Por Sadiel Mederos Bermúdez
Fotorreportaje publicado por Periodismo de Barrio y elTOQUE el 31 de diciembre de 2020.

Esas pequeñísimas, rojizas y bravas hormigas, las santanicas, no hacen nidos, pero se apelotonan en cualquier pliegue de árbol cuando presienten la tormenta.
Ricardo se enfurece cada vez que le cae encima una hoja de plátano llena de santanicas. Tiene el pecho y las manos rojas, y se sacude constantemente la camisa húmeda por la llovizna.
En El Hueco, a las afueras de Santa Clara, en el centro de Cuba, las personas buscan sus propias alternativas para alimentarse en medio de la escasez. Lo mismo siembran una parcela de tierra que “desaparecen” racimos de plátano de las plantaciones ajenas; lo mismo hacen boniatillo que salen a pescar a la presa. Ricardo, por ejemplo, hace casabe. “Hay que improvisar, porque en la calle a veces ni con dinero encuentras comida… Y aunque yo pueda cultivar algunas boberías, sigo comprando más del 70 % de lo que mi esposa y yo comemos”.
Aunque su papá dice que escogí fotografiar al más vago de sus hijos, Ricardo no para de hacer cosas. Está nervioso por la proximidad de una tormenta. Bromea y se ríe. “Podrás tener un mal día, podrás hasta perder tu casa, pero nunca debes dejar de comer… ¿De qué otra forma vas a seguir empujando p’alante?”.
Después de varios días de lluvia, la vieja carretera-pedraplén-trillo que se adentra en esta comunidad creciente tiene todos sus baches-charcos-estanques llenos de agua donde nadan patos. Aunque algunos vecinos han descubierto nuevas goteras en sus casas, y la humedad sube por las paredes, la vida nunca cambia demasiado en El Hueco.

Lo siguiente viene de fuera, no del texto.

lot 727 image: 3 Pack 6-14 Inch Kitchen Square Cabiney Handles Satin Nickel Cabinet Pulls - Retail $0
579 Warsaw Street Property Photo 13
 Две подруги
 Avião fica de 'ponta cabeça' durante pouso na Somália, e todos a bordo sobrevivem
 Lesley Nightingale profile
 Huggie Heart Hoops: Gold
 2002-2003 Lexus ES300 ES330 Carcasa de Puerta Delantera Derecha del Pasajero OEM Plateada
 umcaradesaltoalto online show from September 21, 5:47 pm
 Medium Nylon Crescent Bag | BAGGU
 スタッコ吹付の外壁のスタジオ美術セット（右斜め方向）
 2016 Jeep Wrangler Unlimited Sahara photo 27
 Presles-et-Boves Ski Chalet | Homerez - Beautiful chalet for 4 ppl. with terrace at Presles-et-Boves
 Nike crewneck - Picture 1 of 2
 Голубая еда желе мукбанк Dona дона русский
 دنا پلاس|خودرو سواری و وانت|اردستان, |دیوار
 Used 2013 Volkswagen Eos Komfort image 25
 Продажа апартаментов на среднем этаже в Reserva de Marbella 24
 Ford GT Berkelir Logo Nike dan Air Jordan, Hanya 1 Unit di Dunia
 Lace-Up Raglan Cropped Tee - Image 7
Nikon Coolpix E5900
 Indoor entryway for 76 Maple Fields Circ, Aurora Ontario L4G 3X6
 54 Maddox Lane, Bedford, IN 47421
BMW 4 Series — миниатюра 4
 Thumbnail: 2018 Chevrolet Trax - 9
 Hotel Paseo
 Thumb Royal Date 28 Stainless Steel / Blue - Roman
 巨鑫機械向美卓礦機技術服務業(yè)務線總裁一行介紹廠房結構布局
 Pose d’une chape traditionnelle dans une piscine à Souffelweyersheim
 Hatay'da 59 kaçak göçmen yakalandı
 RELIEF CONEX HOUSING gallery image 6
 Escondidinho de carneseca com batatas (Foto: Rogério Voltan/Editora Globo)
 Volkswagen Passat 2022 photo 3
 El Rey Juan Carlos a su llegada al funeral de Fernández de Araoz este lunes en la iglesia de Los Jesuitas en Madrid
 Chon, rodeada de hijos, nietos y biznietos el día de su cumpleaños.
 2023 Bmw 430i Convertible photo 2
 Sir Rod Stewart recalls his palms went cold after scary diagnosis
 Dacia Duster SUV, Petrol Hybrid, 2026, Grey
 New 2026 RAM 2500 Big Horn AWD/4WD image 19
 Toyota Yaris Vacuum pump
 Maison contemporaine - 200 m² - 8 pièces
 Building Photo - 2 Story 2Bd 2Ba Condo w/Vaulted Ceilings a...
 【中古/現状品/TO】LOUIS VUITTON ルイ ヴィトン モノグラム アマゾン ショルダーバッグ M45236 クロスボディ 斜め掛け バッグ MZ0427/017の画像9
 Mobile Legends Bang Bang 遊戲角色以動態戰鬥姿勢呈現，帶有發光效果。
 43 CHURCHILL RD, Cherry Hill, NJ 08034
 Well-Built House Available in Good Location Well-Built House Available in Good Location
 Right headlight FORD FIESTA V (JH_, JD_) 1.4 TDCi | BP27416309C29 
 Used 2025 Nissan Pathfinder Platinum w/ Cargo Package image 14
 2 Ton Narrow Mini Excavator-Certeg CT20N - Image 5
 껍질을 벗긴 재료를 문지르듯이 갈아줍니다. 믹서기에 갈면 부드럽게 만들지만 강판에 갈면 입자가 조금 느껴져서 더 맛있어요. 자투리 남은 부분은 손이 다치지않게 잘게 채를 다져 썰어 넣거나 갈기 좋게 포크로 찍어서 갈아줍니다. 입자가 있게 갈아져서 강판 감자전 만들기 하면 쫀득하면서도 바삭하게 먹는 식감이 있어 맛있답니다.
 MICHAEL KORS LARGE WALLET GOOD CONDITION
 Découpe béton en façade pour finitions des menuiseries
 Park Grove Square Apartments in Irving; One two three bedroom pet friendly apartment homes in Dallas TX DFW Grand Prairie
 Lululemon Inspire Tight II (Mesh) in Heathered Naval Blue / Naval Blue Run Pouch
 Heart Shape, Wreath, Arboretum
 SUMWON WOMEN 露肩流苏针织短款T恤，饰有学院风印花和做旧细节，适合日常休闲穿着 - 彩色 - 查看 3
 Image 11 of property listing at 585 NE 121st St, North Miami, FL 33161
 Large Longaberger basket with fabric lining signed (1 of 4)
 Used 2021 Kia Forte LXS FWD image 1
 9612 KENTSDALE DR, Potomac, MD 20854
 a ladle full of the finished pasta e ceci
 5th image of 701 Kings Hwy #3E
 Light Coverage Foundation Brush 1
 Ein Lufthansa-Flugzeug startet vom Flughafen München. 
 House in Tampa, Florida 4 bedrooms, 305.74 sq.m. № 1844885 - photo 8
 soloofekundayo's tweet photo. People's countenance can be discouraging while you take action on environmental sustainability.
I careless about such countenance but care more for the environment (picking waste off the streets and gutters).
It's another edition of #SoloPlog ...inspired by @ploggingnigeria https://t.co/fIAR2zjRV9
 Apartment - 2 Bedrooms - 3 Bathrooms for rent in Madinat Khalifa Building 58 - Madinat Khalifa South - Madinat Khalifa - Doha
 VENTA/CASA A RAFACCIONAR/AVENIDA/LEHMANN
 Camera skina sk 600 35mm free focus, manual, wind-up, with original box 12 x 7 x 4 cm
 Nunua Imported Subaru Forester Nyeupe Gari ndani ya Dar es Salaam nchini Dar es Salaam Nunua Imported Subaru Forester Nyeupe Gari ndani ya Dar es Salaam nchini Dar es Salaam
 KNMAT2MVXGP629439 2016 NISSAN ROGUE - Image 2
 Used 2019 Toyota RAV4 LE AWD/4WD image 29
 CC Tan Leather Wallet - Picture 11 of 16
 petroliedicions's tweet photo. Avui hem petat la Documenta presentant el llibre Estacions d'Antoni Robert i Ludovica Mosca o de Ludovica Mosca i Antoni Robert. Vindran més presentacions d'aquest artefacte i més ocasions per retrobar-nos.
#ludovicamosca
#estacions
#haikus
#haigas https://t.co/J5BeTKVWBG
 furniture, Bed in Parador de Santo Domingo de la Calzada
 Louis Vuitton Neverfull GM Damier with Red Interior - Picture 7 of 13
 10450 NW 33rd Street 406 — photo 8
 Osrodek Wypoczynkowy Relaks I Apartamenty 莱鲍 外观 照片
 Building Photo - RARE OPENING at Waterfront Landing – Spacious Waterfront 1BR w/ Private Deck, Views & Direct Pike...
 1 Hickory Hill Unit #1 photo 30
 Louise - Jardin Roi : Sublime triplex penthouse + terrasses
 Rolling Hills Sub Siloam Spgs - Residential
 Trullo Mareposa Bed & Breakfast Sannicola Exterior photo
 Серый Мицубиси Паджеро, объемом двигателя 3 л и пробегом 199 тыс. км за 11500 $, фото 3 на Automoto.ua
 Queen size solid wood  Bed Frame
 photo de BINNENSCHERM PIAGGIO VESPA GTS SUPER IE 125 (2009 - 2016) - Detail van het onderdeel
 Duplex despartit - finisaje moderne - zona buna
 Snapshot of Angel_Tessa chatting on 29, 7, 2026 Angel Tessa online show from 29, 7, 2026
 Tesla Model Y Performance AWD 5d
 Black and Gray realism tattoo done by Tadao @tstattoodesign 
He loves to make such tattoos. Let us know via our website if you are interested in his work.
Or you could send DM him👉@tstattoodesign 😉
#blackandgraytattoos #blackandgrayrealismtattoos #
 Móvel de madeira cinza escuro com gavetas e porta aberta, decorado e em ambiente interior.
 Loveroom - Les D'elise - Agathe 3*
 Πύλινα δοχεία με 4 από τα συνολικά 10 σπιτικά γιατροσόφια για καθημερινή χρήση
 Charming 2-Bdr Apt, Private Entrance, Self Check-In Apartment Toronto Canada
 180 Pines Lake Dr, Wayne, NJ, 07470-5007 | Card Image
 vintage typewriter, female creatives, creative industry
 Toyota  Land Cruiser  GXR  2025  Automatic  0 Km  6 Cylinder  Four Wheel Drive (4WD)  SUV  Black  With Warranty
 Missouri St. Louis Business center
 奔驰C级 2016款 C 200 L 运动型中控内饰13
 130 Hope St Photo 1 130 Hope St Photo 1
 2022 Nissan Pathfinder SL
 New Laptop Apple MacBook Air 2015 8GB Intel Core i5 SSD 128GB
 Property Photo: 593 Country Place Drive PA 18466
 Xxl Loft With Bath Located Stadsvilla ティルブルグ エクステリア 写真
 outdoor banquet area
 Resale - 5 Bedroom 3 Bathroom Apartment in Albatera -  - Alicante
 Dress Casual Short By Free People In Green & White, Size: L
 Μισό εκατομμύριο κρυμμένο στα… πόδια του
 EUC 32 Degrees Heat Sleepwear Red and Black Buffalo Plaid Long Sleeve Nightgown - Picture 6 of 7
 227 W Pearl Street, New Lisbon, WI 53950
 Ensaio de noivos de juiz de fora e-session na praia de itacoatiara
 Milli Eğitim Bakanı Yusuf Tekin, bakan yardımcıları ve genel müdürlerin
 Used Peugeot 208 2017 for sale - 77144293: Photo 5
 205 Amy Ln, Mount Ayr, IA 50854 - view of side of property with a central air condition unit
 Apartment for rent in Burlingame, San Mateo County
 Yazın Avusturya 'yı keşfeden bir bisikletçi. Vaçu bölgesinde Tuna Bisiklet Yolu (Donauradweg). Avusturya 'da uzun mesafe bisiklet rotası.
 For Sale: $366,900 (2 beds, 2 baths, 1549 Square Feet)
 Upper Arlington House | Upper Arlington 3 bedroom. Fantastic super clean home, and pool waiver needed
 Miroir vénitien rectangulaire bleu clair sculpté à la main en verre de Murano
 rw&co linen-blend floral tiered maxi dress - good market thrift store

Aquella tarde de junio, justo al inicio de la temporada ciclónica en Cuba, Ricardo tostaba panes viejos en un horno que él mismo había construido con un tanque metálico de 55 galones.

Había sacado algunas yucas de los quince pequeños surcos al fondo de su casa. Todavía no estaban óptimas, pero es su vianda preferida. Quería perfeccionar una vieja receta que le recordó su padre, y que comió mucho durante el llamado Periodo Especial de los años 90: el casabe.

“Olvídate de la batidora. Los mejores tamales de maíz se hacen también con este guayo”, asegura Ricardo. El guayo es una lámina de aluminio perforada con un clavo.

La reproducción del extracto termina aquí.